Once that particular skill becomes apparent, don't waste time and money waiting for it to develop if you don't have to. Elkin advises students to take advantage of advanced placement and college-level classes while they're in high school to cut down on the length of time they'd need to stay in college and the amount they'd have to pay. Kashain notes that her nephew took part in Minnesota state university system's Post-Secondary Enrollment Options program, took courses at the University of Minnesota for free during high school and earned two years' worth of college credits while paying $0. Granted, students have to make sure that such credits would transfer to the college of their choice, but it's a far less expensive option than not taking such courses or even paying for a year or two at a community college. before transferring.
However, cutting that tuition bill can be costly in other ways. Kashain graduated from Marquette University in Milwaukee with $19,751 in student loan debt, but finished in three-and-a-half years to minimize debt. That helped her financially, but it prevented her from taking unpaid internships or traveling abroad as her classmates did. Kashian advises parents to make sure their students are engaged in the college planning process with them. It not only improves their chances with university admissions staff, who spend a lot of time interacting with parents and all too little speaking with potential students, it also gives them a sense of the financial consequences of their decision.
“You may want that particular academic and social experience of the college of your dreams, but what does it do to the rest of your dream?” she says. “It postpones homeownership, it postpones travel, it can limit the kind of choices you can make, it potentially limits other things like marriage, children and family. I want to have that conversation with 16-, 17- and 18-year-olds so they have a comprehensive understanding of what that means.”

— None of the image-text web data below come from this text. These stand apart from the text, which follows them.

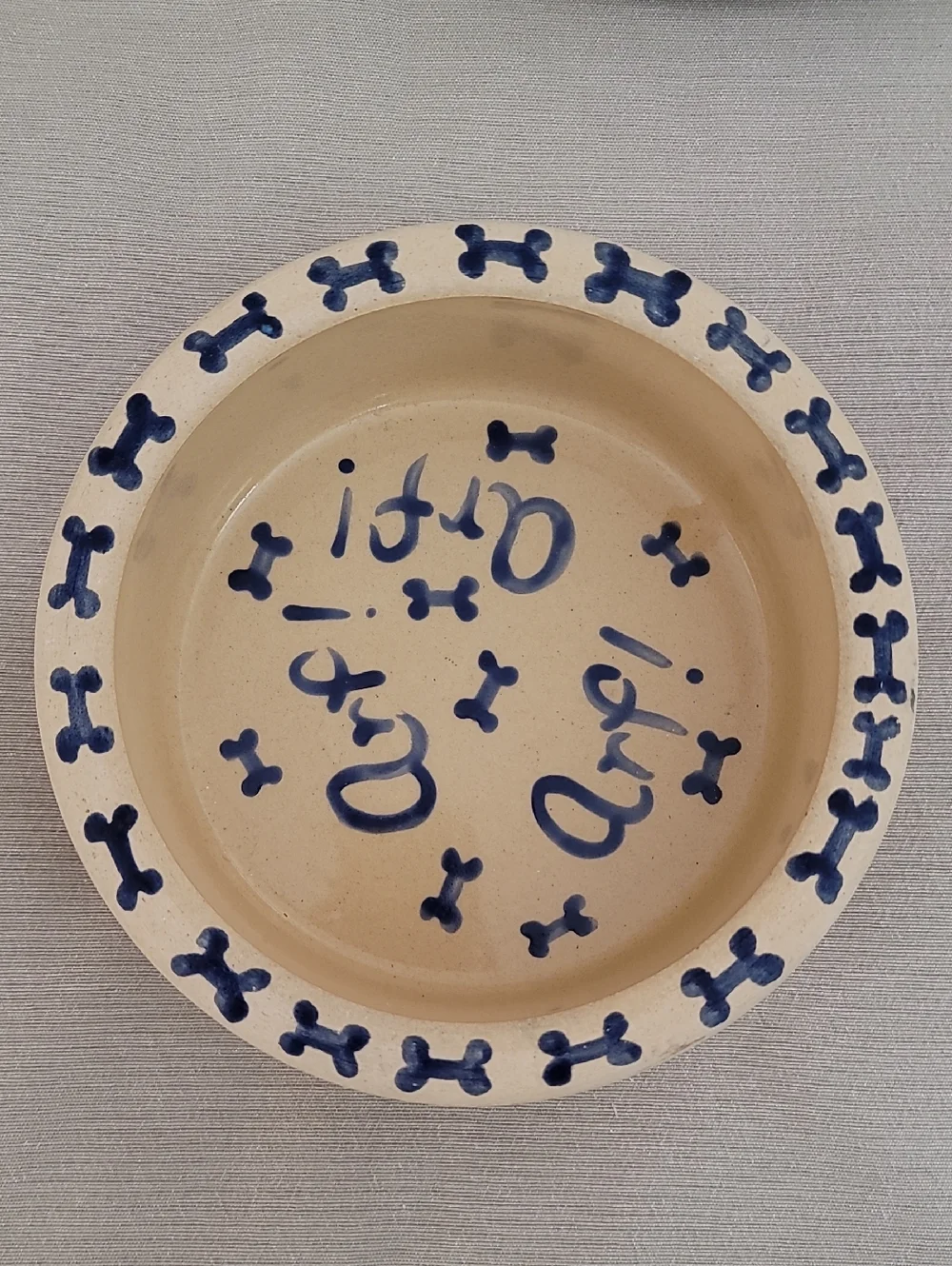 Robinson Ransbottom Pottery Vintage Dog Bowl Dish Feeder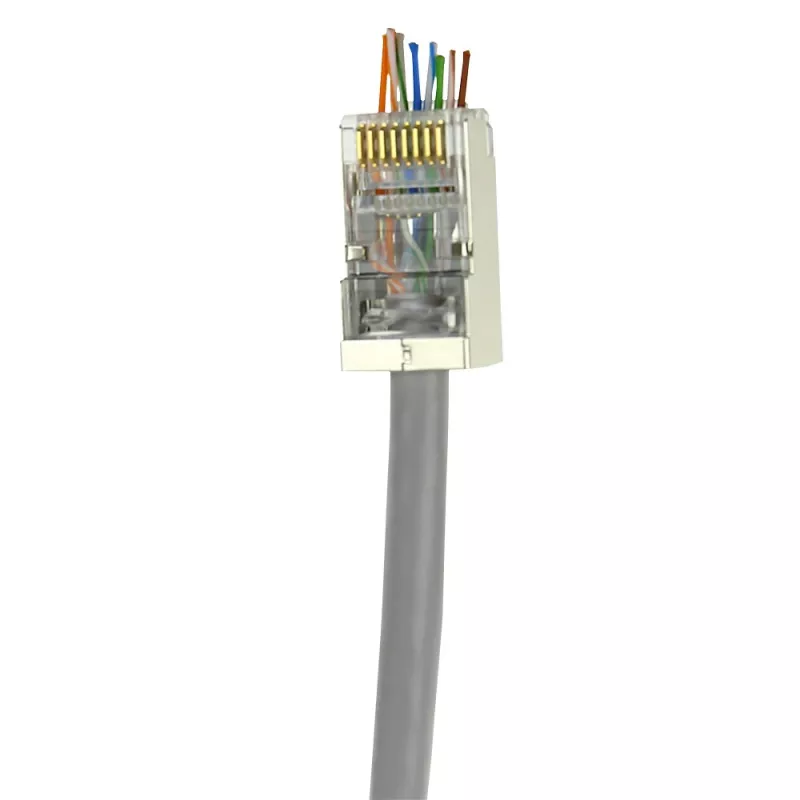 ACT RJ45 (8P/8C) CAT6 easyconnect ekranēts modulārais savienotājs apaļam kabelim ar cietiem vai savītiem vadiem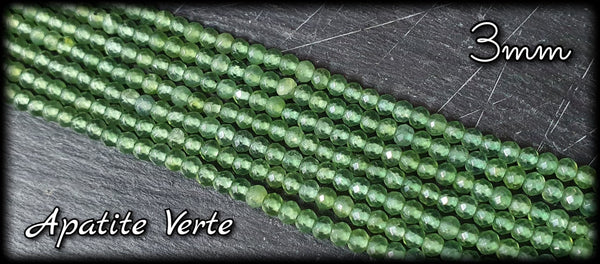 Apatite verte facettée en fil - 3mm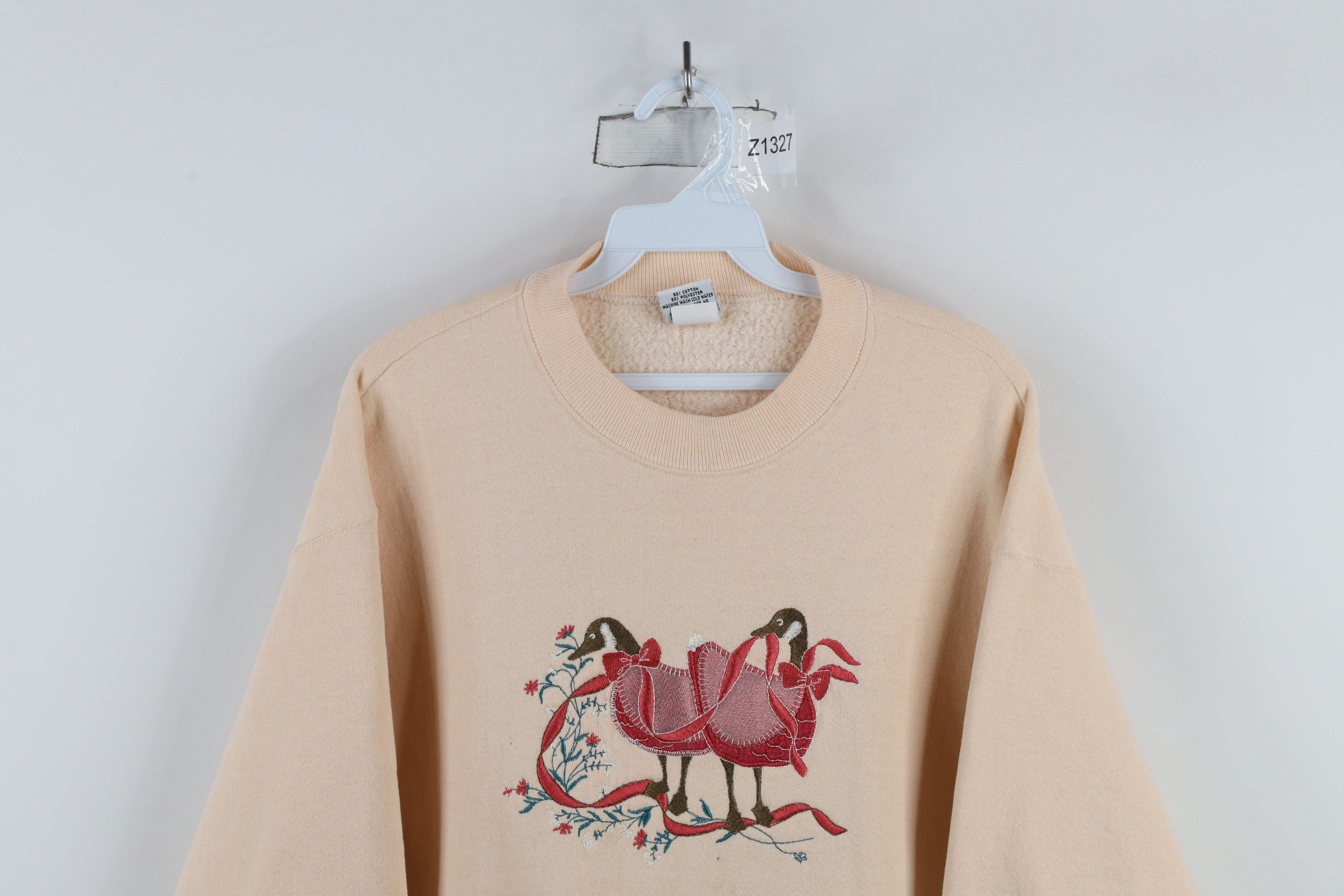 Vintage Vintage 90s Streetwear Duck Flower Sweatshirt Pink USA Size L / US 10 / IT 46 - 2 Thumbnail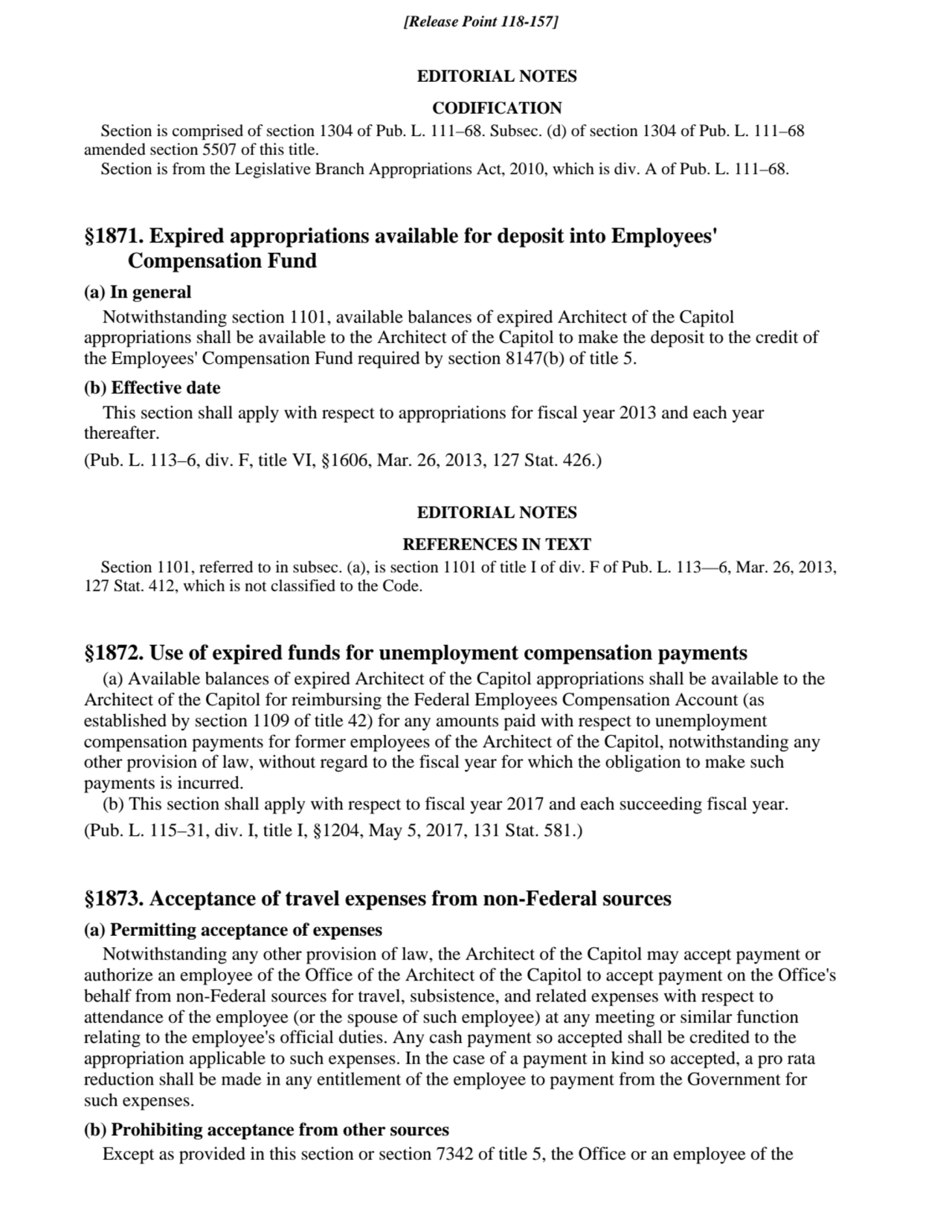 EDITORIAL NOTES
CODIFICATION
Section is comprised of section 1304 of Pub. L. 111–68. Subsec. (d) …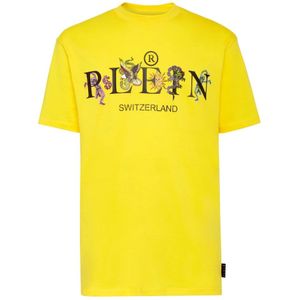 Philipp Plein, Heren, Tops, Geel, Maat: 3XL Katoen,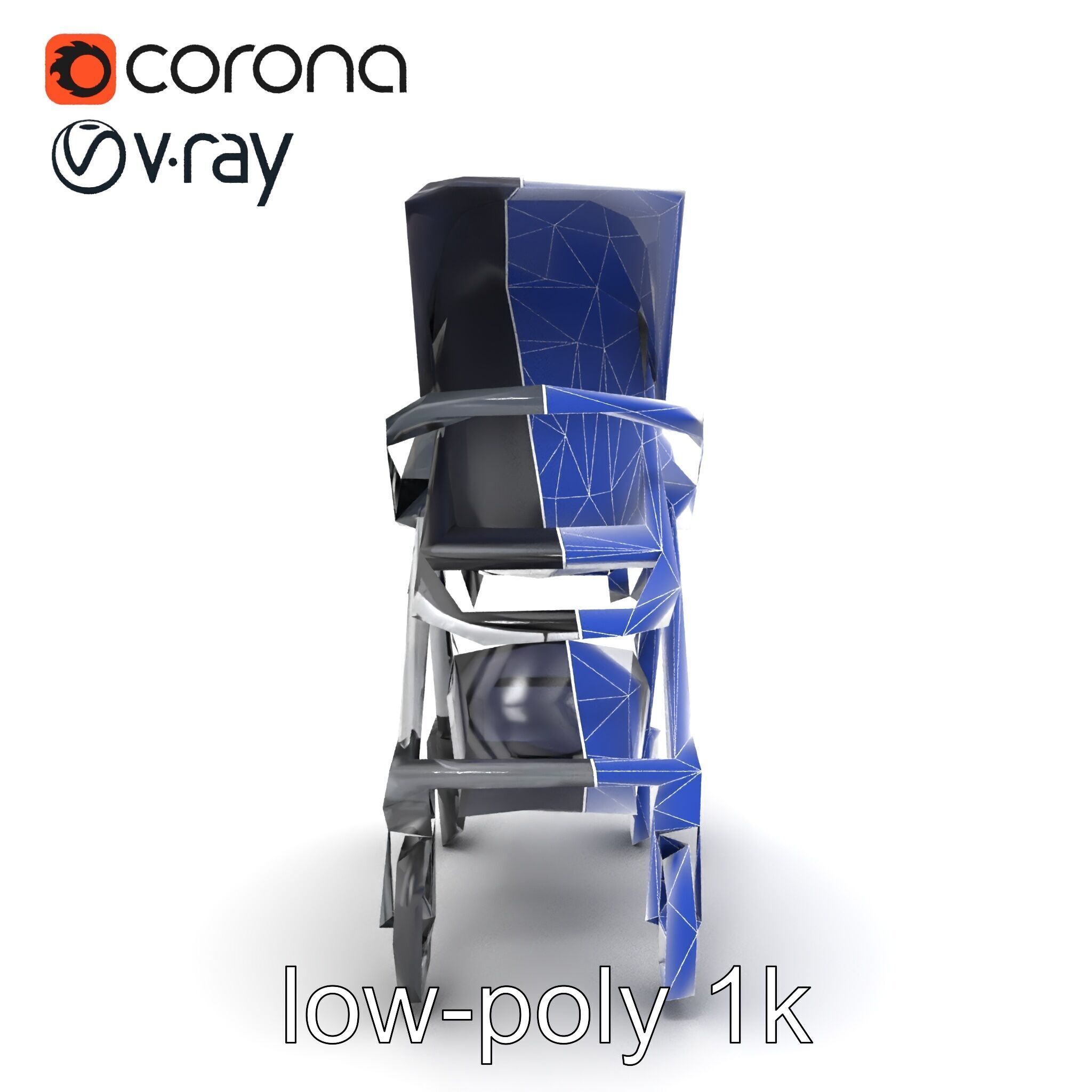 Umbrella Stroller Compact Travel model pack Low-poly 3D model_28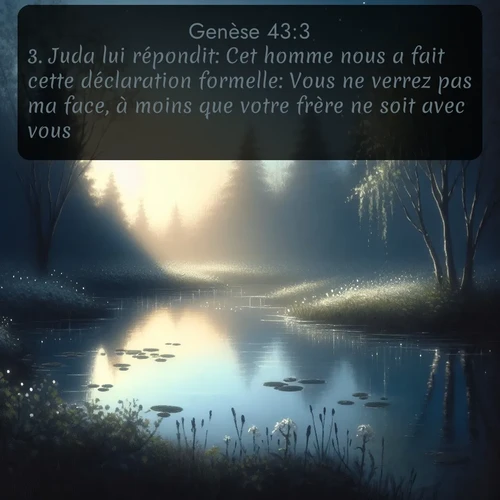 Segond Genèse  ; image nature: image avec le verset biblique :Juda lui répondit: Cet homme nous a fait cette déclaration formelle: Vous ne verrez pas ma face, à moins que votre frère ne soit avec vous. ;  ; 43:3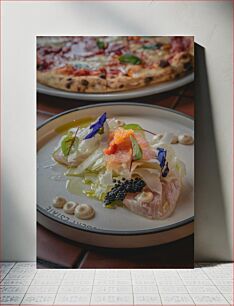 Πίνακας, Gourmet Meal with Pizza Γκουρμέ γεύμα με πίτσα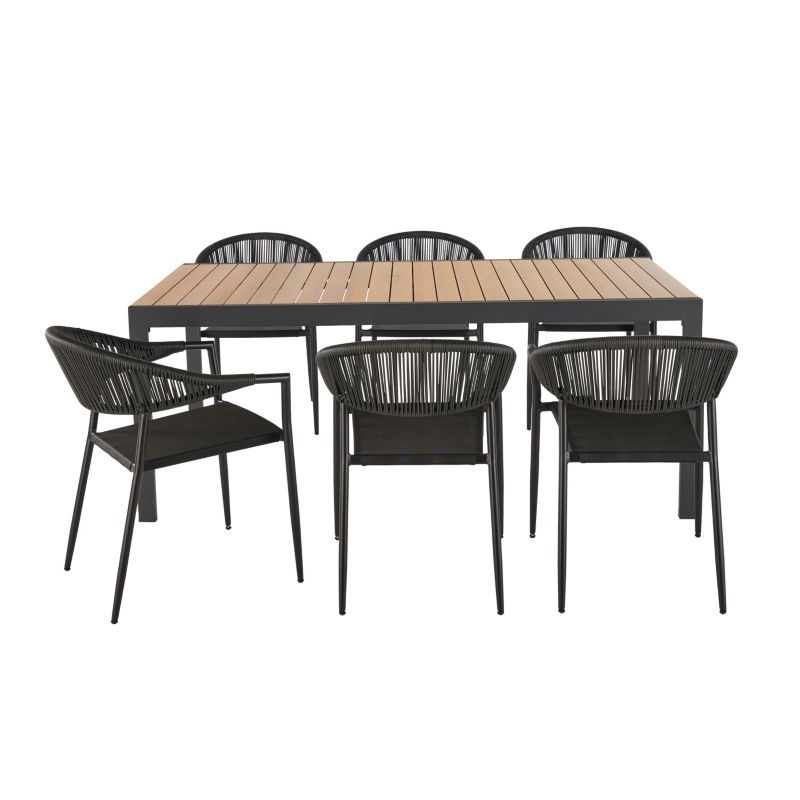 Aluminiumsramme havestol GoodHome Coline i sort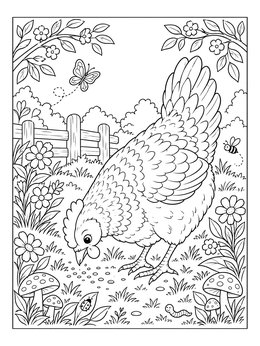 A sweet hen pecks at seeds outdoors on this chicken coloring page surrounded by flowers and insects.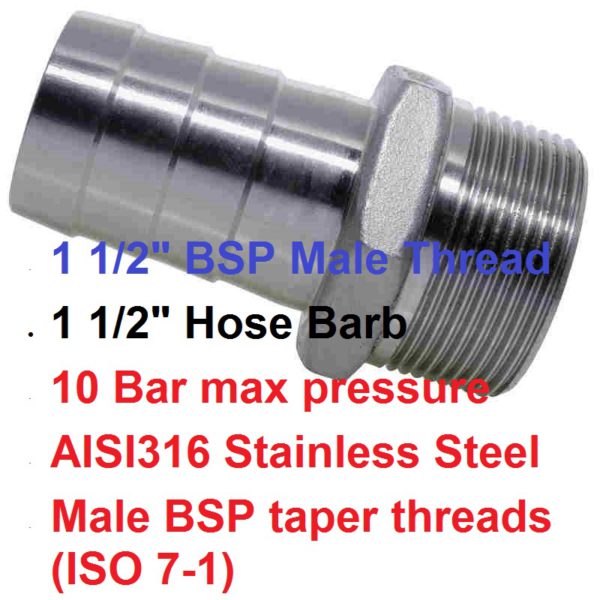 1 1/2" X 1 1/2"SS Hose Barb HT24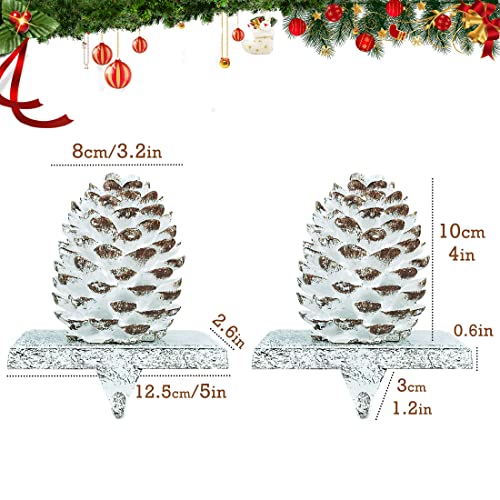 Sietdeseo Pinecone Stocking Holder For Mantle Set Of 2 Vintage Rustic Resin Christmas Stocking Hook Christmas Stocking Hangers For Mantel Fireplace Christmas Stocking Holder #TOP1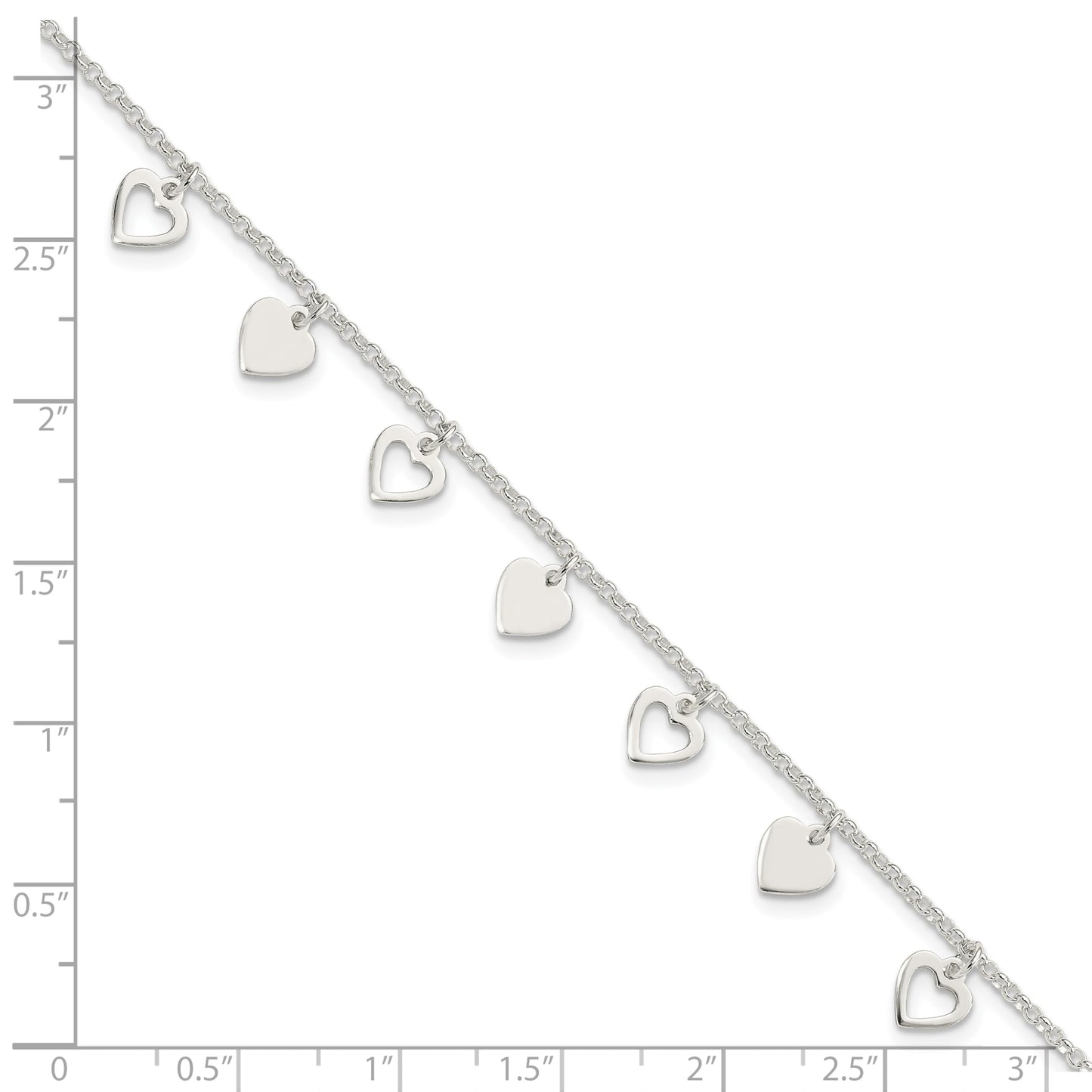 Sterling Silver w/ Hearts Bracelet 7.5 inches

Elkin says that if seeing those hard numbers makes students decide to live at home while studying, work while they study or put off going to college for a year or two to save, that isn't such a terrible outcome. Kashian notes that some down time may help a student decide whether he is cut out for college or whether he'd prefer to learn a trade, enlist in military service or, in the case of the children of high-net-worth adults, spare their parents a sizable and fruitless investment. If they'd still consider college an option after all that, Kashian advises that parents treat those students like the adults they are and make sure they have a personal stake in it. If some of their own money is on the line, chances are better that they'd adhere to rules of thumb that make student loan debt a bit less onerous.
“I stress to my clients that there's nothing wrong with students loans and students should have some skin in the game, but students ought not take out more in student loans than they can reasonably expect to make in their first year on the job,” Kashian says. “I'm always nervous when I hear that a student is taking out $40,000 to $50,000 in student loans and plans on being an elementary school teacher.”